- **Work instructions**
Apart from the pictures, every line below is to be set down exactly.

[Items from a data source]
____
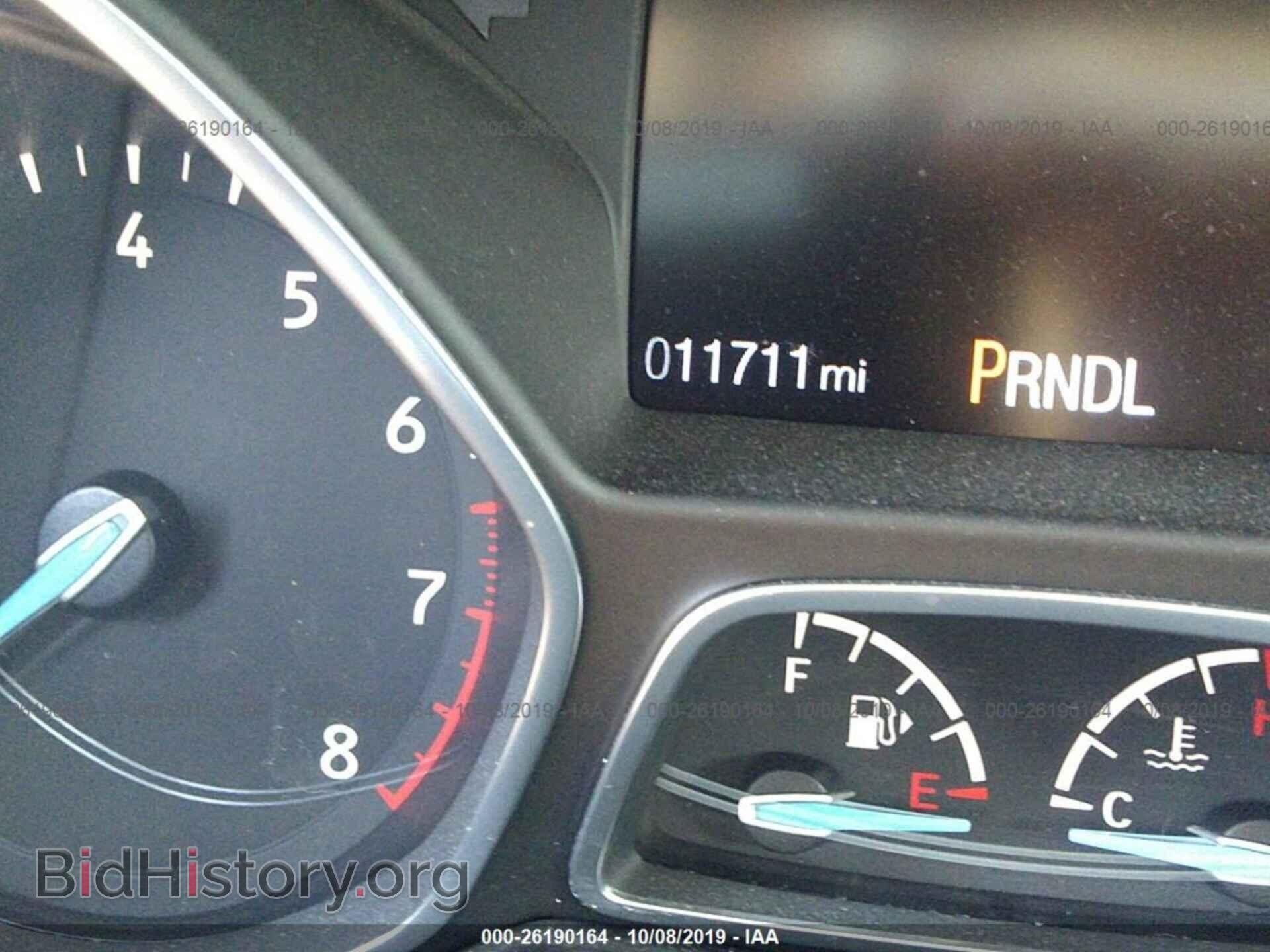2018 FORD FOCUS - VIN: 1FADP3F25JL223387 - Фото 7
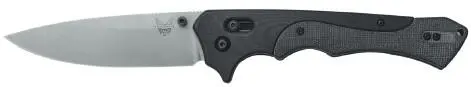 Этот нож также является плодом сотрудничества фирмы Benchmade с мастером Нилом - фото 206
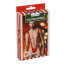 Lenjerie Sexy pentru Barbati "Christmas Mankini" Rosu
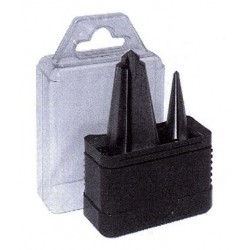 Sada kuželových vrtacích trnů HSSE 221260.1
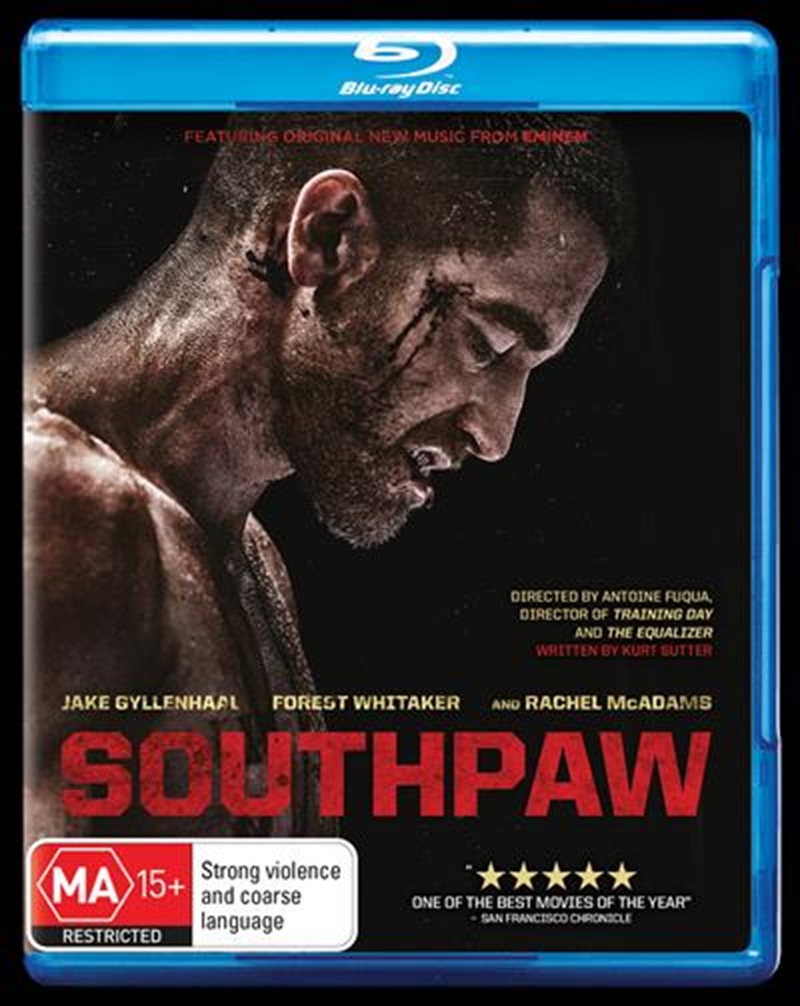Southpaw/Product Detail/Drama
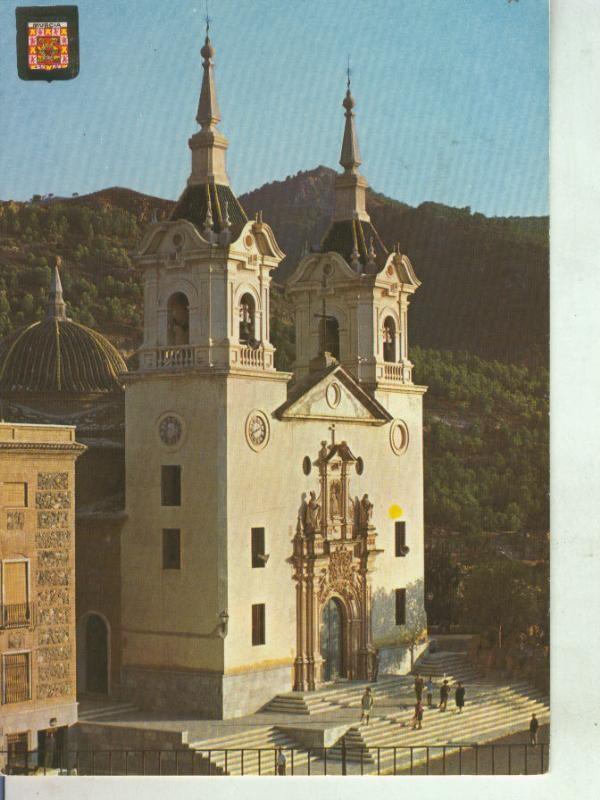Postal 011444: Santuario Nuestra Señora de la Fuensanta de Murcia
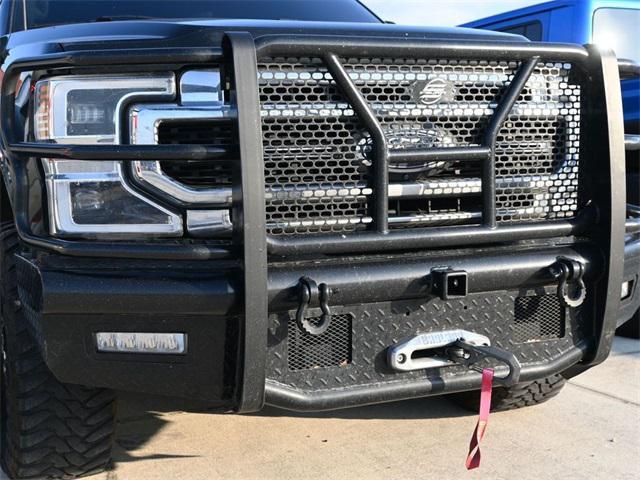 used 2020 Ford F-250 car, priced at $52,590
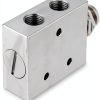 TAC2-41P 2 Position 3 Way Air Valve Toggle by Eujgoov Metal 3‑Port-1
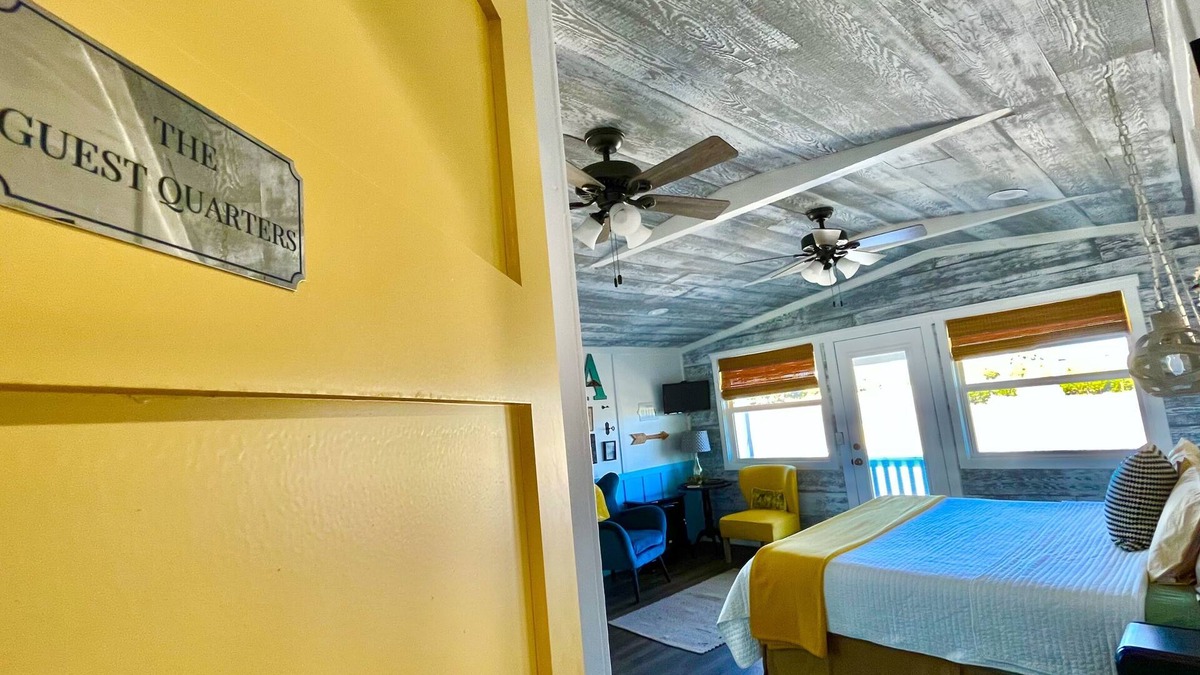 Dripping Springs Apartment | Elegant Hill Country Suite at Alexander's Farmhouse!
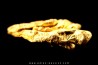 native gold  - Crystallized gold  - France
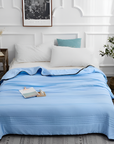 Blanket Summer Bamboo Cooling Lightweight Bed Cover 4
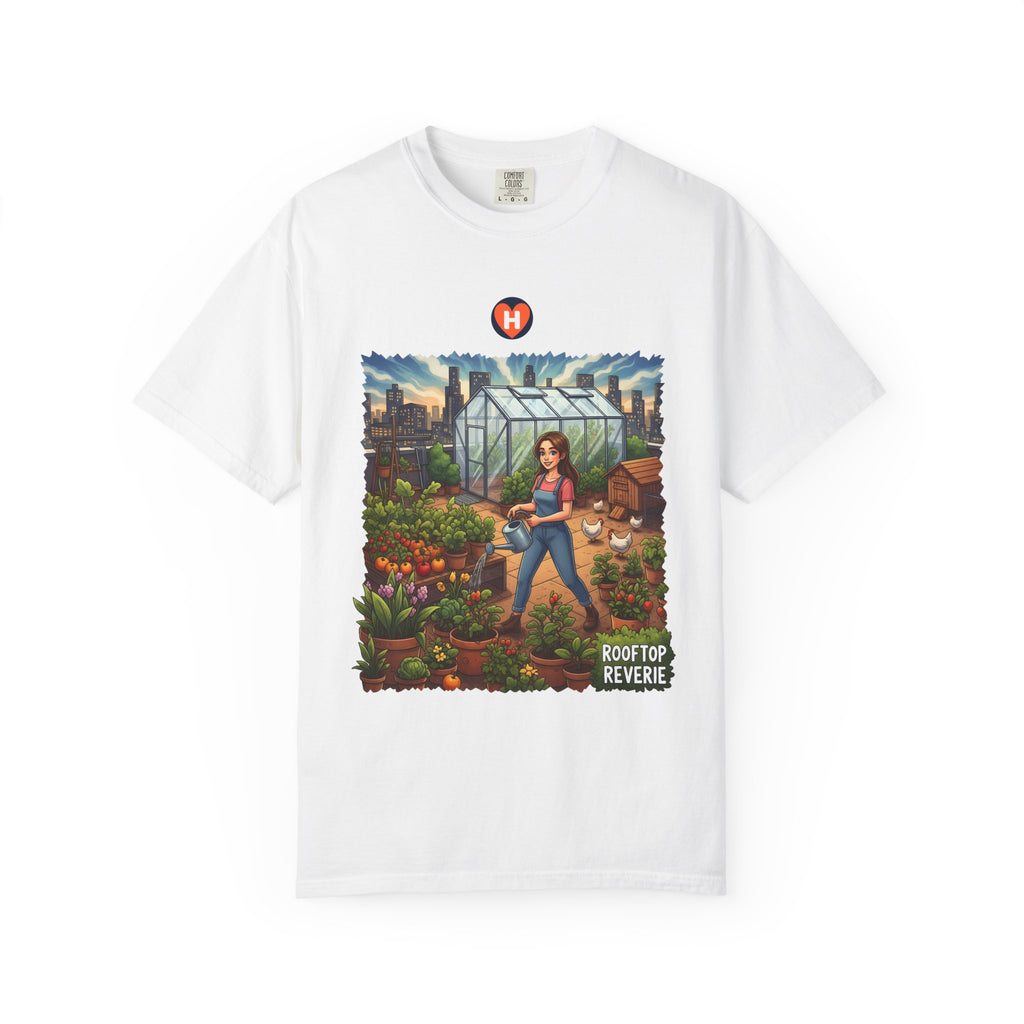 HobbyFlow Womens Essential Urban farming Passionwear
____
- **Written solution**
2018 FORD FOCUS - VIN: 1FADP3F25JL223387 - Фото 7
 Этот нож также является плодом сотрудничества фирмы Benchmade с мастером Нилом - фото 206
 Lenjerie Sexy pentru Barbati "Christmas Mankini" Rosu
 Sada kuželových vrtacích trnů HSSE 221260.1
Southpaw/Product Detail/Drama
Postal 011444: Santuario Nuestra Señora de la Fuensanta de Murcia
 used 2020 Ford F-250 car, priced at $52,590
 TAC2-41P 2 Position 3 Way Air Valve Toggle by Eujgoov Metal 3‑Port-1
 Dripping Springs Apartment | Elegant Hill Country Suite at Alexander's Farmhouse!
 native gold  - Crystallized gold  - France
 Blanket Summer Bamboo Cooling Lightweight Bed Cover 4
 HobbyFlow Womens Essential Urban farming Passionwear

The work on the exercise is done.